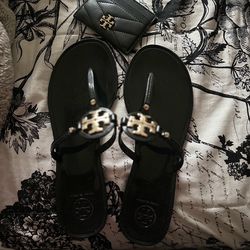 Tory Burch Sandals And Wallet 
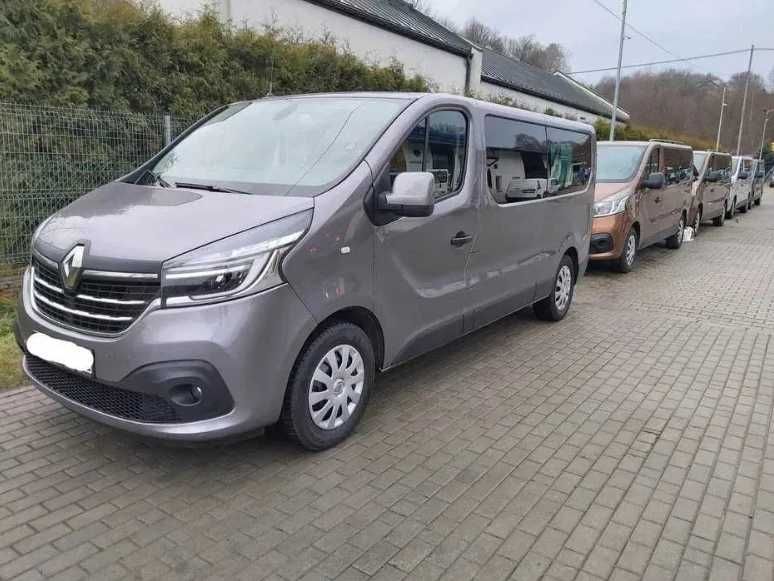 Wynajem busów osobowych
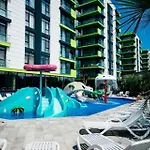 Apartment Sims Alessi Pool & Navodari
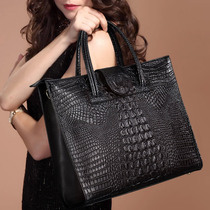 Leather temperament womens bag 2021 spring and summer new trendy all-match soft leather large-capacity crocodile pattern handbag womens messenger bag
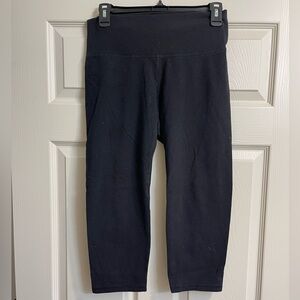 Old Navy Active Black Balance Cropped Leggings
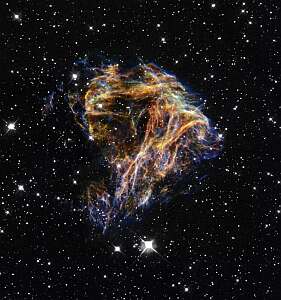 Die Materie des Überrestes der Supernova LMCN49 in der Großen Magellanschen Wolke
dient zum Aufbau neuer Sterngenerationen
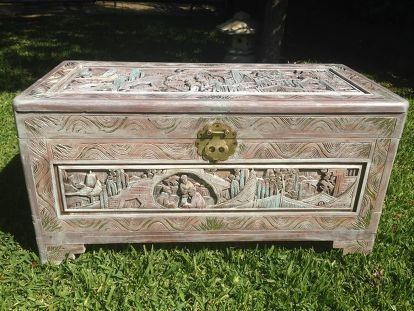 Upcycled Camphor Chest, Camphor Chest Makeover, Wooden Trunk Makeover Diy, Silver Gold Decor, Restoration Hardware Table, Chest Of Drawers Makeover, Trunk Makeover, Chest Makeover, Make A Closet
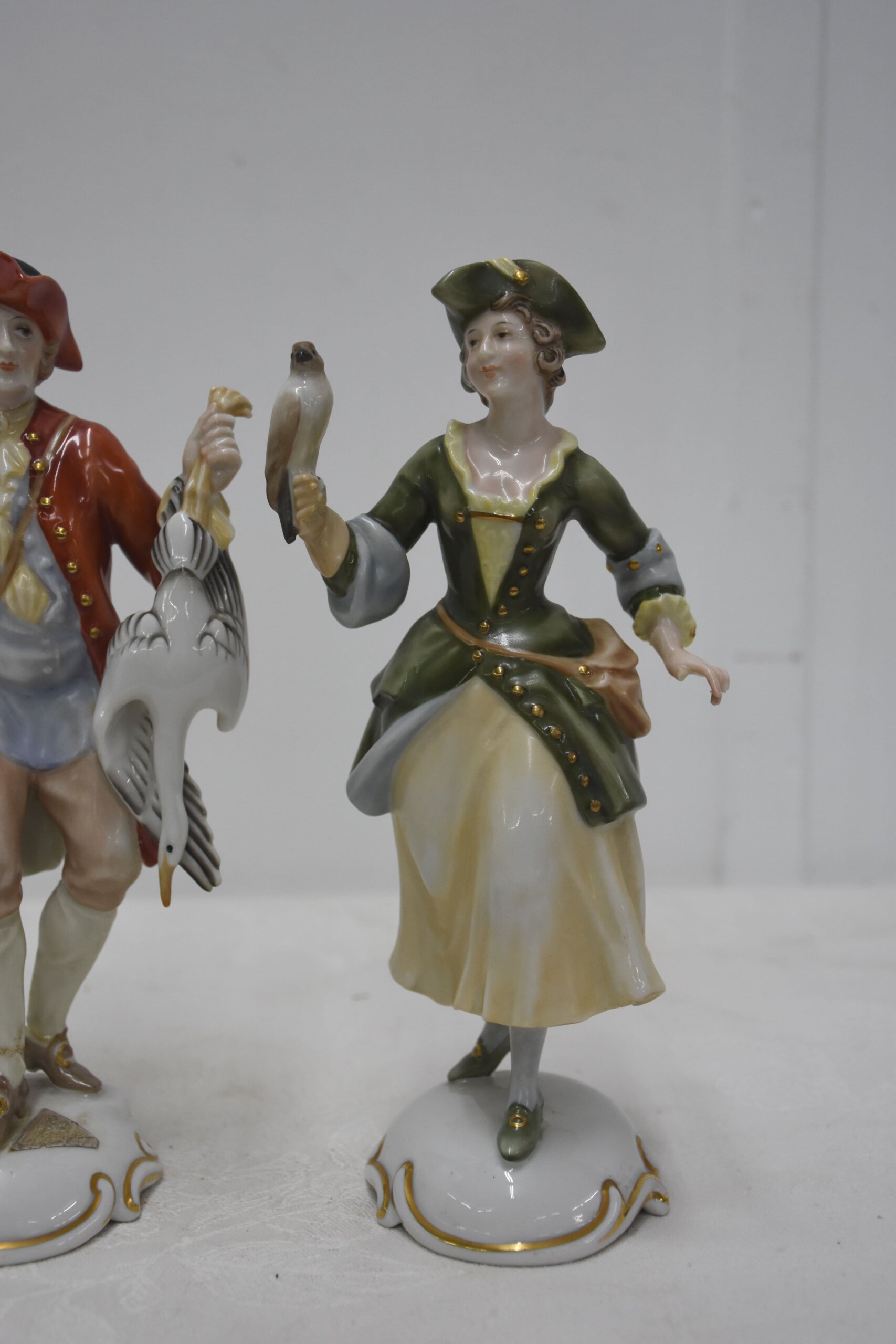 Figuras porcelana cazador y dama con aves - Imagen 6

What you should do:
The expected output is exactly the lines from the one containing "Old Navy Active" through the last line of the listing, both included, with every picture left out.

Task answer:
 Old Navy Active Black Balance Cropped Leggings
 Die Materie des Überrestes der Supernova LMCN49 in der Großen Magellanschen Wolke
dient zum Aufbau neuer Sterngenerationen
 Upcycled Camphor Chest, Camphor Chest Makeover, Wooden Trunk Makeover Diy, Silver Gold Decor, Restoration Hardware Table, Chest Of Drawers Makeover, Trunk Makeover, Chest Makeover, Make A Closet
 Figuras porcelana cazador y dama con aves - Imagen 6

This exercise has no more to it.